Governance reforms to help rebuild the reputation of corruption plagued FIFA could make the situation surrounding world football’s governing body worse, the world players’ union FIFPro has claimed.
The organisation, which represents more than 65,000 male and female footballers, believe the proposed changes, designed to drag FIFA out of the mire following the indictments of 41 officials and entities last year, could have a negative effect on the game.
The reforms, passed unanimously in December, include establishing a FIFA Council, replacing the current ruling Executive Committee and would be chaired by the President.
It would have 36-members rather than the current 25 who sit on the Executive Committee and FIFPro are worried the same member Associations and Confederations would have even more power under the proposed reforms.
“Football’s monopolistic structure will be further entrenched under the proposed, so-called reforms,” a FIFPro statement read.
“There will be even more power in the hands of the confederations and national member associations of FIFA who have been the source of corruption and the worst crisis in FIFA’s history.

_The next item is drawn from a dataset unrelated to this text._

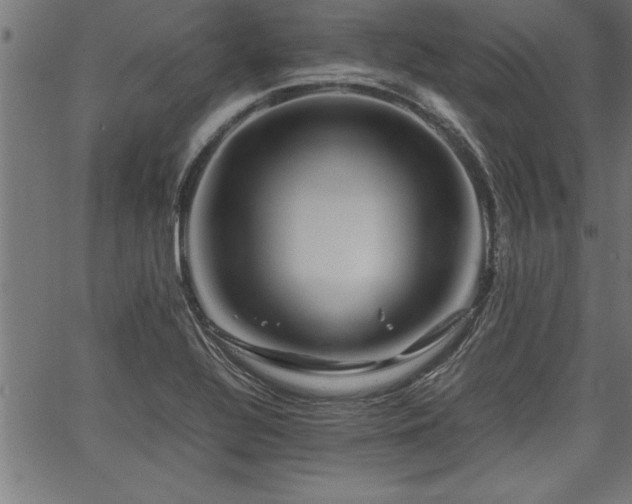 X0000067911320200604131333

FIFPro feel the suggested changes need to be overhauled “otherwise, we’re faced with a potentially worse scenario than before”.
The players union are also concerned at some of the pledges being made by the five candidates in the running to replace banned FIFA President Sepp Blatter at the head of the scandal-hit governing body.
Asian Football Confederation President Shaikh Salman Bin Ibrahim Al Khalifa, UEFA general secretary Gianni Infantino, Jordanian Football Association President Prince Ali Bin Al Hussein, Frenchman Jérôme Champagne and South African businessman Tokyo Sexwale are vying for FIFA’s top job.
Blatter’s successor is due to be chosen at an Extraordinary Congress in Zurich on February 26.
“It’s alarming that these very same organisations are set to be rewarded with more FIFA grants, more World Cup spots, and more places on the FIFA Executive Committee,” said FIFPro.
FIFPro’s comments come despite the reforms featuring establishing a dedicated Football Stakeholders Committee, made up of players and representatives from clubs and leagues.
It has been claimed this is a crucial step to including those involved in the game at the top level of footballing governance.
The European Club Association have criticised the proposed reforms, claiming they prove world football’s governing body is “unable to deliver a sustainable governance model which is fit for the 21st century”.